-- ASSIGNMENT --
The copy must hold every line from the one with "Gibson Men's Station" through the end of the listing, word for word, and must hold no pictures.

-- EXERCISE DATA --
= Beginning of Section =

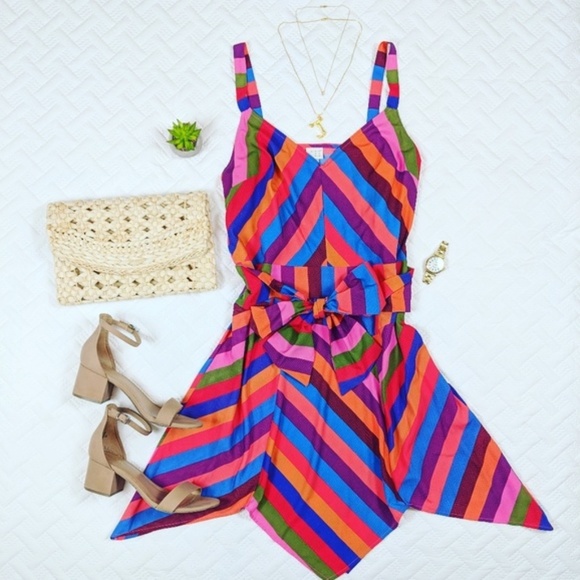 a new day Dresses & Skirts - Rainbow Handkerchief Hem Dress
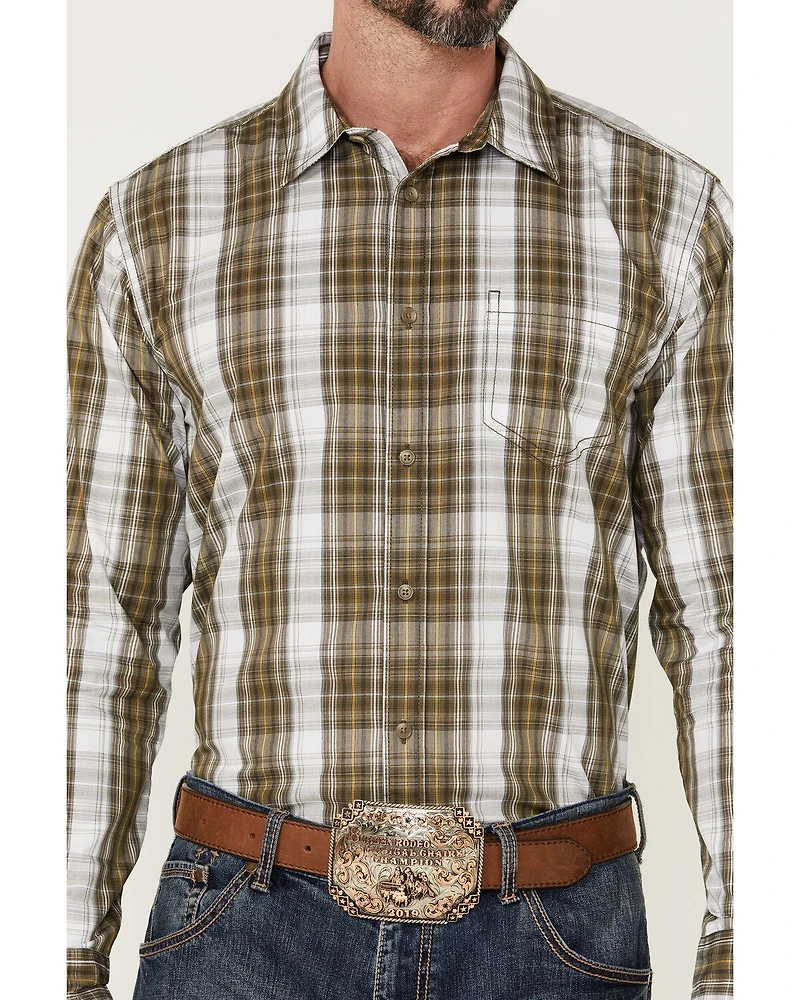 Gibson Men's Station Plaid Long Sleeve Button-Down Western Shirt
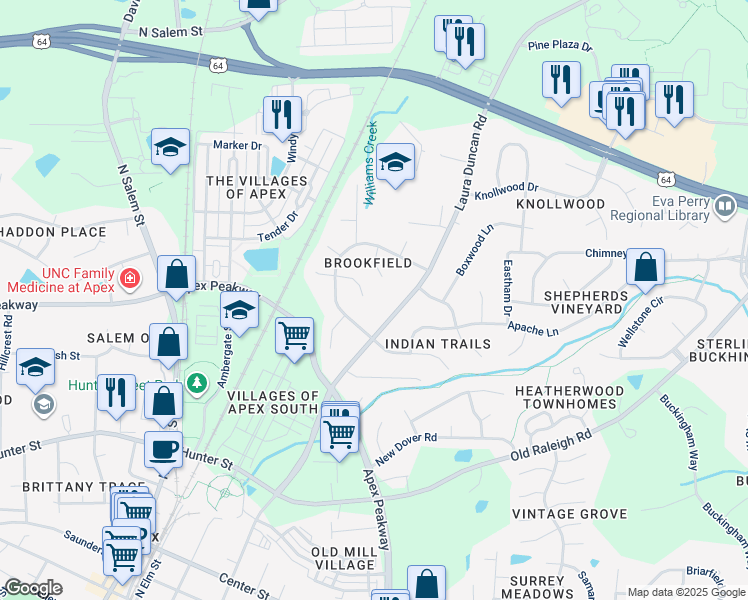map of restaurants, bars, coffee shops, grocery stores, and more near 1013 East Beechmont Circle in Apex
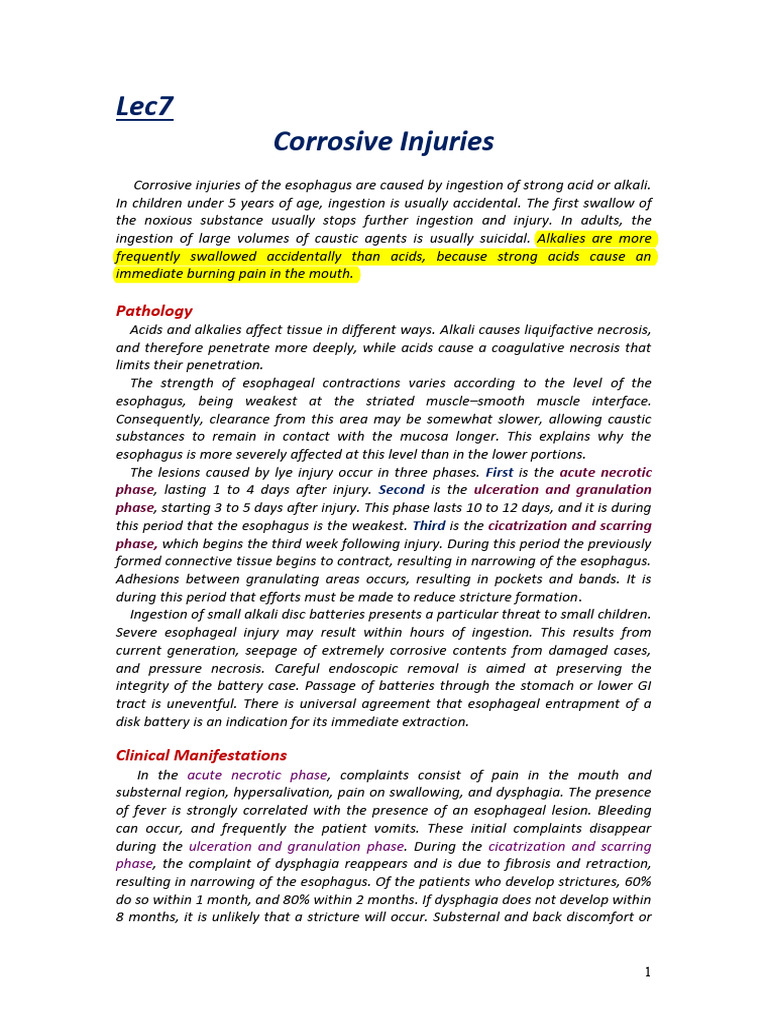 7.Corrosive Injuries | PDF | Esophagus | Esophageal Cancer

= End of Section =

-- EXPECTED ANSWER --
 Gibson Men's Station Plaid Long Sleeve Button-Down Western Shirt
map of restaurants, bars, coffee shops, grocery stores, and more near 1013 East Beechmont Circle in Apex
 7.Corrosive Injuries | PDF | Esophagus | Esophageal Cancer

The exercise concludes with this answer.